» **Task description**
Output everything in the data exactly, leaving the pictures out.

» **Data for the task**
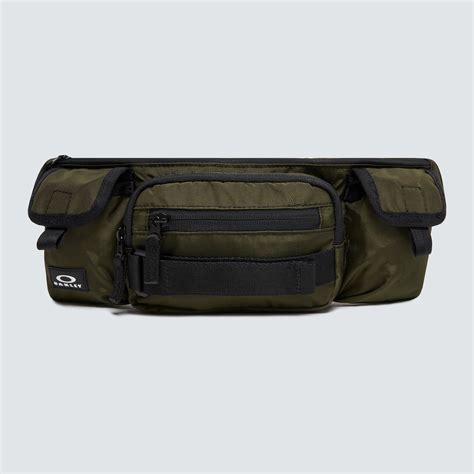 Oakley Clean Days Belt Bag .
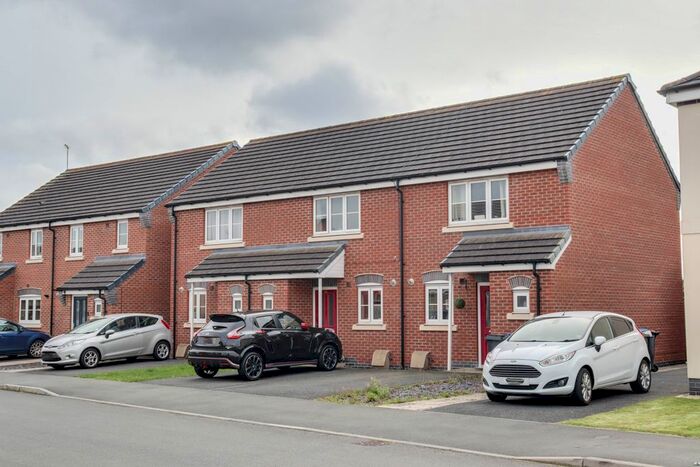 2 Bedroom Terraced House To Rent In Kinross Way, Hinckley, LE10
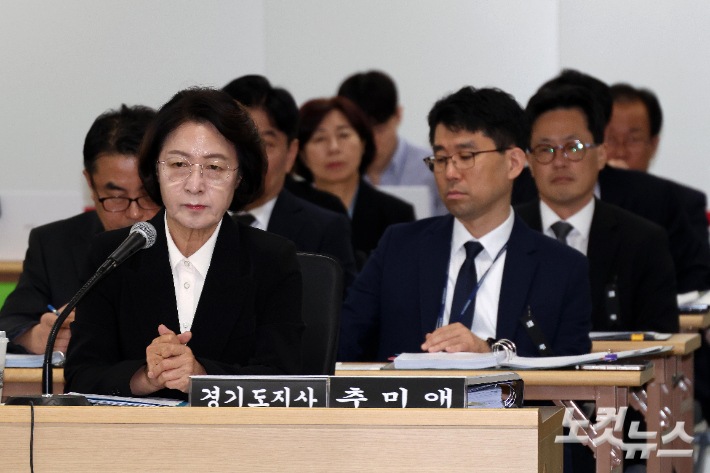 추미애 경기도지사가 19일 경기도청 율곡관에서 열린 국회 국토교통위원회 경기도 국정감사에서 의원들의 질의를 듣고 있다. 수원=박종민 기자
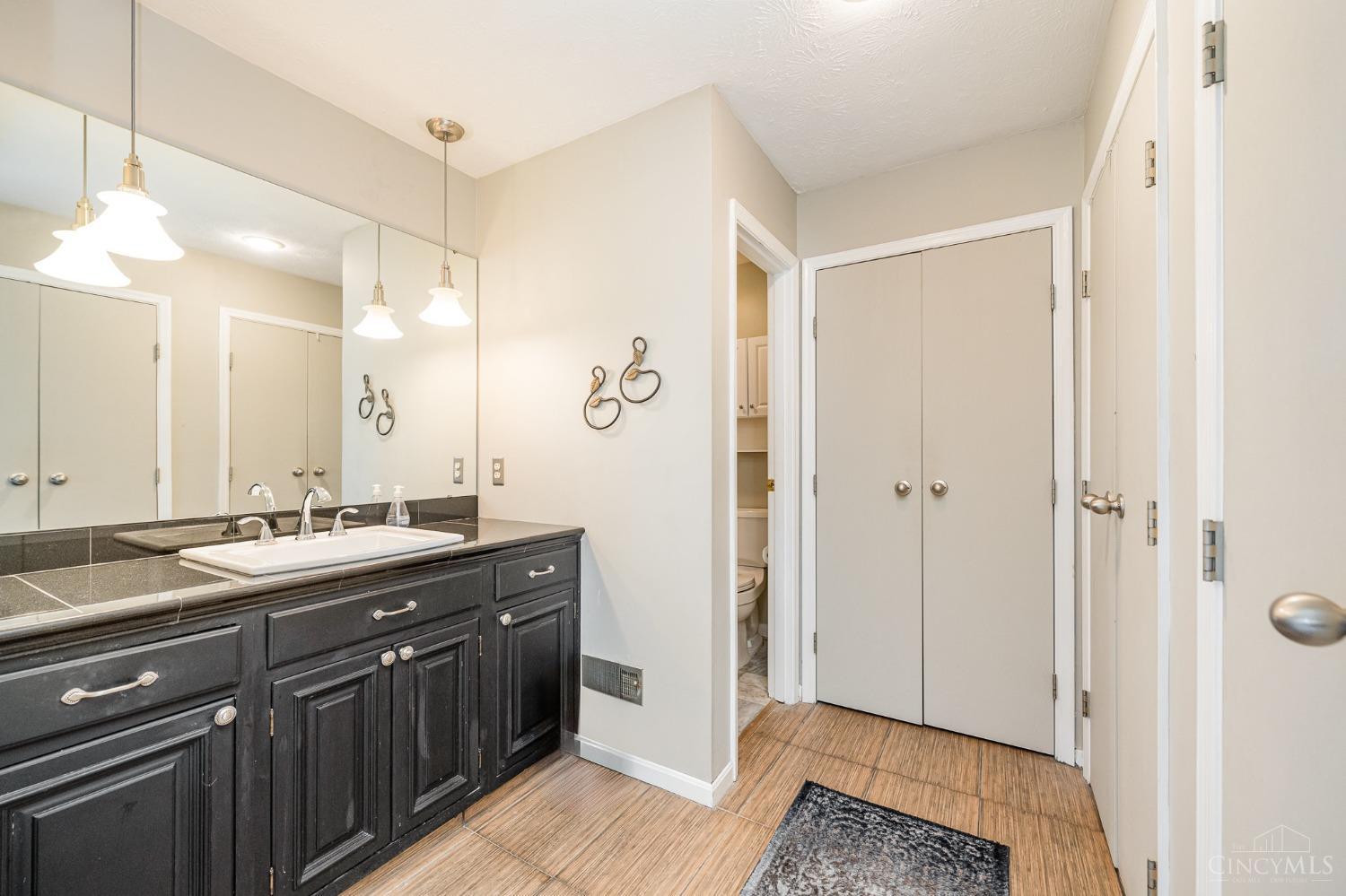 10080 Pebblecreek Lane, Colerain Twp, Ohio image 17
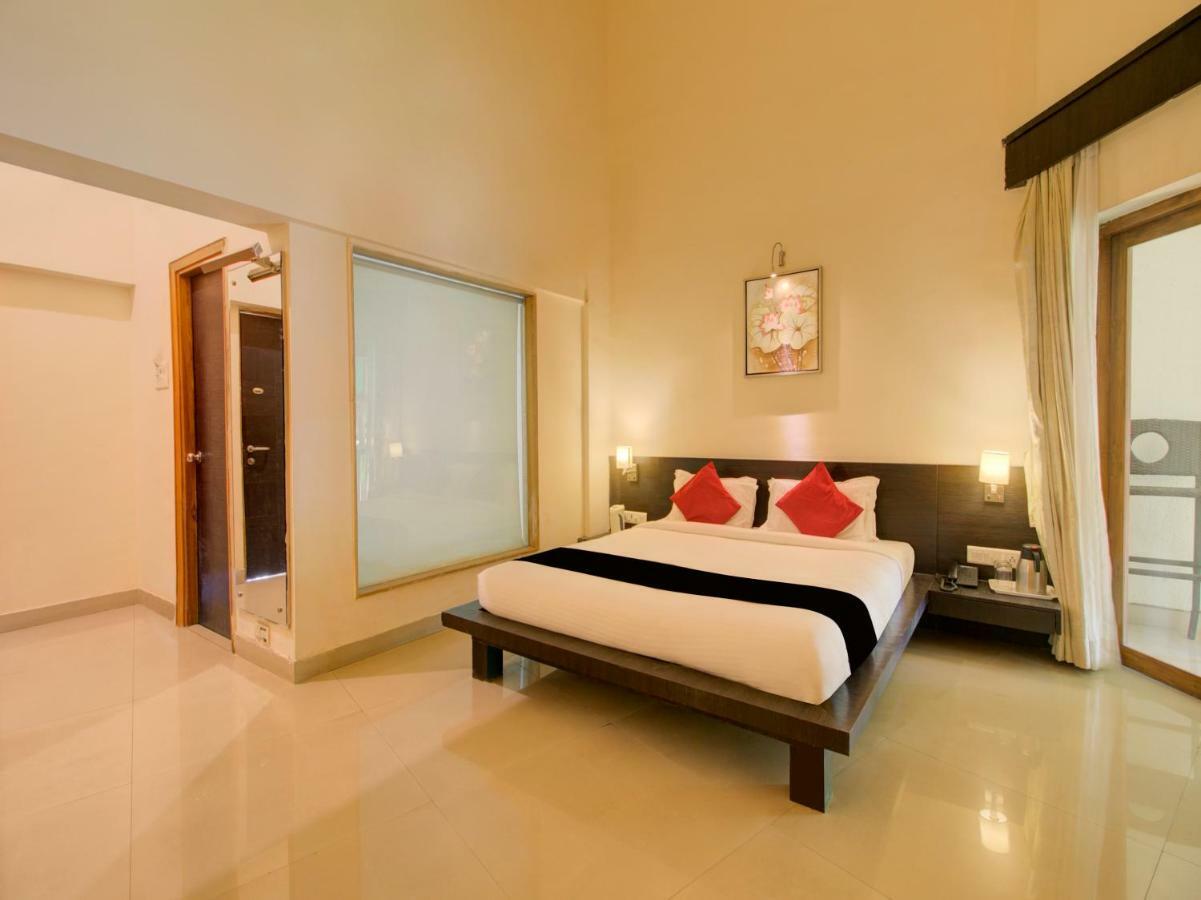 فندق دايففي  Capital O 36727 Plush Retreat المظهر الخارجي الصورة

» **Task output**
 Oakley Clean Days Belt Bag .
 2 Bedroom Terraced House To Rent In Kinross Way, Hinckley, LE10
 추미애 경기도지사가 19일 경기도청 율곡관에서 열린 국회 국토교통위원회 경기도 국정감사에서 의원들의 질의를 듣고 있다. 수원=박종민 기자
 10080 Pebblecreek Lane, Colerain Twp, Ohio image 17
 فندق دايففي  Capital O 36727 Plush Retreat المظهر الخارجي الصورة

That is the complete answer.